YMMV: Black Flag
- Broken Base - Perhaps the most polarizing example of a broken base for a punk band. First, there are camps of fans that prefer either the pre-1984 Flag (consisting of raw fast-paced punk) or the 1984-1986 Flag (which consisted of avant-garde experiments in an attempt to push the band's sound forward). Then, there are fans divided by the singer (either Keith Morris, Dez Cadena, Ron Reyes (who was involuntarily credited by the band as "Chavo Pederast"), or Henry Rollins).
- Their reformation and subsequent album "What The..." have been seen this way by fans as well.
- Executive Meddling: Damaged was going to be released nationwide, under an MCA imprint. But the label would have lost money on the record, so they not only wouldn't release it, they filed a legal injunction that prevented Black Flag from releasing any material on another label for several years. This all but killed the band's chances of making it big.
- Face of the Band - Henry Rollins, despite Greg Ginn being the band's headmaster.
- Misaimed Fandom: "White Minority" tends to be taken at face value as a song against minorities infiltrating America. Greg Ginn has said the lyrics are meant to be sarcastic, and pointed out the deliberate irony of having a Puerto Rican vocalist (Ron Reyes) sing about "white pride".
- Narm - Side A of Family Man.
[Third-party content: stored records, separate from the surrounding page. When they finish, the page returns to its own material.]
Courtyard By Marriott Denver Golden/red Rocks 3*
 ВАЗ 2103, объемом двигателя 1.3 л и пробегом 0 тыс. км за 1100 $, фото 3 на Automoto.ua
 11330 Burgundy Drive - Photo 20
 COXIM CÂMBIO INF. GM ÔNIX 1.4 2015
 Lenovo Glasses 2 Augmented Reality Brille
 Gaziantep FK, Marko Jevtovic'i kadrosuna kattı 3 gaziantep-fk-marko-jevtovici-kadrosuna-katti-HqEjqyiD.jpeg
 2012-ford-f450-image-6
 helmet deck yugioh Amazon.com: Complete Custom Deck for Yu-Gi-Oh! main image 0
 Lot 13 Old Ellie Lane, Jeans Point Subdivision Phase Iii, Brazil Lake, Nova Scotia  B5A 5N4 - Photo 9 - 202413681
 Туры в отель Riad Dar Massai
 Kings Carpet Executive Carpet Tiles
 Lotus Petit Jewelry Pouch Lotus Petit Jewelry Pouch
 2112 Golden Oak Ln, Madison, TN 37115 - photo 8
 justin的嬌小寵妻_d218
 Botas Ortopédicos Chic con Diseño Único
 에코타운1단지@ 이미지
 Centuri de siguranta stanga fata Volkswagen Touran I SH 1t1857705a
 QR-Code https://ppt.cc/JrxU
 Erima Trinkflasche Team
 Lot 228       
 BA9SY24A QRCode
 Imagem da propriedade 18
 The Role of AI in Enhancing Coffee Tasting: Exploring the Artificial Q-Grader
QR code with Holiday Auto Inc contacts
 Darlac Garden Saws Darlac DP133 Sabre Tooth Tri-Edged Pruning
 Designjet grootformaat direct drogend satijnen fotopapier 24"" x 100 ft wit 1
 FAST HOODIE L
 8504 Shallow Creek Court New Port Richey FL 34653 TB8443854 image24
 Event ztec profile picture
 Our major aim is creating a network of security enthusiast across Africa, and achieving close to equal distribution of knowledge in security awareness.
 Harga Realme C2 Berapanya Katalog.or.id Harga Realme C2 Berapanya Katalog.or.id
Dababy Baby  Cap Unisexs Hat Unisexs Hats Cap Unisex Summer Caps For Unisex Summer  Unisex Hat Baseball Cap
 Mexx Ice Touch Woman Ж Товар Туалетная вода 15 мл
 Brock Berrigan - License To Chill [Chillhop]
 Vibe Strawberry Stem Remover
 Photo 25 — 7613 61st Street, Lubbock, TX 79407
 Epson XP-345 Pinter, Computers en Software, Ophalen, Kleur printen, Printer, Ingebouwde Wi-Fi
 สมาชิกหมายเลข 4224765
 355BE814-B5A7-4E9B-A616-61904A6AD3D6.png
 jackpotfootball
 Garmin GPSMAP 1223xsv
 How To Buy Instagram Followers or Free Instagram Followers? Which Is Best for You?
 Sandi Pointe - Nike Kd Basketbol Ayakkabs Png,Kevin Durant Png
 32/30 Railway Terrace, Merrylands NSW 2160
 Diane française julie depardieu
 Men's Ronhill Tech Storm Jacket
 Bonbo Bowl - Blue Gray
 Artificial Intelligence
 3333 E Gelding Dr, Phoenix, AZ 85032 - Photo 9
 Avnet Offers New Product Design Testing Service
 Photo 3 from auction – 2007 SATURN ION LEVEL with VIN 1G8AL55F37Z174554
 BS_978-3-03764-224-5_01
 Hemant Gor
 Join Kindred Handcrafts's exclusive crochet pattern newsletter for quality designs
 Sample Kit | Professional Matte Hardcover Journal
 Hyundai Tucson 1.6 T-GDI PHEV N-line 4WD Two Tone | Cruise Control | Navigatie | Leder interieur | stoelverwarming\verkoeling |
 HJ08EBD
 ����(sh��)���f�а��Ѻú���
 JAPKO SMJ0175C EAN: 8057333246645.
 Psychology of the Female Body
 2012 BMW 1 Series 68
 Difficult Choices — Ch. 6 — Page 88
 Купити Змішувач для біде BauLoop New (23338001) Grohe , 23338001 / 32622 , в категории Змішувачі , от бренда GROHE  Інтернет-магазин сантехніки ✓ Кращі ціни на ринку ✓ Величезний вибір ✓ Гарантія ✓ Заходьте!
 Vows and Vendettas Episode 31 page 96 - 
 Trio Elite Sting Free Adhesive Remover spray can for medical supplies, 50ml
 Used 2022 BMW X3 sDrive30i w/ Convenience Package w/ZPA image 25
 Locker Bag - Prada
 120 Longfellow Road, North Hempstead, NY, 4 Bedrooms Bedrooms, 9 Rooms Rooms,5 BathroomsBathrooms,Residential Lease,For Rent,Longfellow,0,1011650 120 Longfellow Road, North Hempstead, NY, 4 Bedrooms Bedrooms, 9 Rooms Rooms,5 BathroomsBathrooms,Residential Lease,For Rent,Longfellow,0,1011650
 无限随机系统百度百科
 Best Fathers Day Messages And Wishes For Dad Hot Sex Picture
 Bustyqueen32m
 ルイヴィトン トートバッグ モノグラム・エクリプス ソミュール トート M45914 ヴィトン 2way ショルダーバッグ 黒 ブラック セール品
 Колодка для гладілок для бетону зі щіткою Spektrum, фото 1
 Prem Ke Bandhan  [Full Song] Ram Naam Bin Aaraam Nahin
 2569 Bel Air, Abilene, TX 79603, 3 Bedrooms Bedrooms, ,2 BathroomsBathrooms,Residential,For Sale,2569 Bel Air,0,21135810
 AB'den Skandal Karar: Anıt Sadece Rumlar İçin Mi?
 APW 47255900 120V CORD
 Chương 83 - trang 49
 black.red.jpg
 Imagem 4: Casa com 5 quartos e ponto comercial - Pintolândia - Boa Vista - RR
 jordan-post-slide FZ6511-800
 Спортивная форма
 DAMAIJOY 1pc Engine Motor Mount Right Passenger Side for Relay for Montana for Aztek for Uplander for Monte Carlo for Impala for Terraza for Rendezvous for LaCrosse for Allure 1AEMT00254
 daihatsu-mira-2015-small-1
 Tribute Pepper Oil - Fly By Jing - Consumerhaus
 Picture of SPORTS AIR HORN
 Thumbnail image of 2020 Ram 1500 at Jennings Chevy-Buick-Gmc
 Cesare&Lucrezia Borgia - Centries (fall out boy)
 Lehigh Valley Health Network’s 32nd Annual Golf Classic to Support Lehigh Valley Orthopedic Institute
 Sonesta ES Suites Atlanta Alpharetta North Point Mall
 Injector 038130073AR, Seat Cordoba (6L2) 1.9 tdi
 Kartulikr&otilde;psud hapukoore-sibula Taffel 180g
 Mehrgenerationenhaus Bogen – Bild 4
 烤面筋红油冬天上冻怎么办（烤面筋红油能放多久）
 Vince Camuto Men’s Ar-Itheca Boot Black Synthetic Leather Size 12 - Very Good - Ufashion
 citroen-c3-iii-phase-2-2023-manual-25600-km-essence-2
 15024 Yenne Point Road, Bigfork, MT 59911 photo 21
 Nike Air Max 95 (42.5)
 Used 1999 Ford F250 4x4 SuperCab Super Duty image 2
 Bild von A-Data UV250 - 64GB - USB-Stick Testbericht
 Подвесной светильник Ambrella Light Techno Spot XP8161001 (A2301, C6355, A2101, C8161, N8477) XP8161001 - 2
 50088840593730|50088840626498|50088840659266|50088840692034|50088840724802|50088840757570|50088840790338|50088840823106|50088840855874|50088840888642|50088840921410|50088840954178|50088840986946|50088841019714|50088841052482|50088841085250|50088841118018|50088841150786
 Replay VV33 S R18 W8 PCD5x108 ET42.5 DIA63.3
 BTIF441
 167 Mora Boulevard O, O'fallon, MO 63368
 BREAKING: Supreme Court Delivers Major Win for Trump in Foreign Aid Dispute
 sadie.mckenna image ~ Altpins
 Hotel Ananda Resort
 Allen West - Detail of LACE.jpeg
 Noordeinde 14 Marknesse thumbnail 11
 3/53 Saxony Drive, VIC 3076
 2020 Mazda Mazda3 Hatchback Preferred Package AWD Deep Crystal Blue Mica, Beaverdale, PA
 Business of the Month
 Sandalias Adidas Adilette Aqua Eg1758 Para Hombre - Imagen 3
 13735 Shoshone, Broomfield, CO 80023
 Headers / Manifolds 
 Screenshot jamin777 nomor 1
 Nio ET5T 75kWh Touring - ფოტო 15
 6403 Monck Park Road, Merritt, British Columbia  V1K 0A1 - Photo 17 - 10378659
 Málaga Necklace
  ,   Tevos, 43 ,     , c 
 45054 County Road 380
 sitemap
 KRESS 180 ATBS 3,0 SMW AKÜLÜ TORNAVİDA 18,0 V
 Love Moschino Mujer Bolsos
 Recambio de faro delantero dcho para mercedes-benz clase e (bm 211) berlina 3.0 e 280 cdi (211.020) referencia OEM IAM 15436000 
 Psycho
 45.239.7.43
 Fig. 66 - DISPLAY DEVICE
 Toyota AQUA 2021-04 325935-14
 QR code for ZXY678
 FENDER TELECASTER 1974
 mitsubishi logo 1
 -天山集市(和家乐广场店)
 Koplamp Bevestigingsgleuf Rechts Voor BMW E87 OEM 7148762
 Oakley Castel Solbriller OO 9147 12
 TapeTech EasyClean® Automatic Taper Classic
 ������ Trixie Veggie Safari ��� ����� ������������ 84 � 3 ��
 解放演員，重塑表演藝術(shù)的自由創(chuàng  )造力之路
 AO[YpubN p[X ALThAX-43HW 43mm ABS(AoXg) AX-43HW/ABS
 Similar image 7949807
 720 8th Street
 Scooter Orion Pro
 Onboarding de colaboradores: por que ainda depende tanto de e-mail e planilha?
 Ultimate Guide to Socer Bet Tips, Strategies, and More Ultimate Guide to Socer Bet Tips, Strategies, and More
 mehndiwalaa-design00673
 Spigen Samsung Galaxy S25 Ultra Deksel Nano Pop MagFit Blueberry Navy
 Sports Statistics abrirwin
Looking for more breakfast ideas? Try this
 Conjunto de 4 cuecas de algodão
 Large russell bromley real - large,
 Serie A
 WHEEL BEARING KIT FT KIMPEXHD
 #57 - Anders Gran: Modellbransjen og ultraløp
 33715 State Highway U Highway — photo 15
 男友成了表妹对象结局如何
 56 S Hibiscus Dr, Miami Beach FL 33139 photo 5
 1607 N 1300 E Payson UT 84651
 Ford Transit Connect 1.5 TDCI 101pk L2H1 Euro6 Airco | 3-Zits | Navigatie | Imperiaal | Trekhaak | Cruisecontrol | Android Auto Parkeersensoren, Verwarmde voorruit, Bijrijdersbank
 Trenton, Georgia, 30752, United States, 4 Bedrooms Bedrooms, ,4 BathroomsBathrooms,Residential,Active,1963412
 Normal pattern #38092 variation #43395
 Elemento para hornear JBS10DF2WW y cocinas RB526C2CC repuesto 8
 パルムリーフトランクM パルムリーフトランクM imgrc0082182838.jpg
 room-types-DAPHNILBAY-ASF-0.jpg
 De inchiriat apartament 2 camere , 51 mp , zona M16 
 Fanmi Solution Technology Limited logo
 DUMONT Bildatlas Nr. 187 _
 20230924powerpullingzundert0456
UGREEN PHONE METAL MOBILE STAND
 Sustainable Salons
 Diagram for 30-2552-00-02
Some lines are unintentionally hilarious, such as the rat complaining about not being invited to go bowling in "Shed Reading (Rattus Norvegicus)"
- Signature Song - "Rise Above".
- Vindicated by History: Upon it's initial release, My War proved highly controversial among the band's fans, who hated its Black Sabbath and Heavy Metal-influenced approach. However, the album did prove popular among some fans, especially two people named Buzz Osbourne and Kurt Cobain, for whom the album was a prime influence. Nowadays, with the rise of Grunge, Sludge Metal, and Metalcore, My War has arguably proved to be Black Flag's most influential album.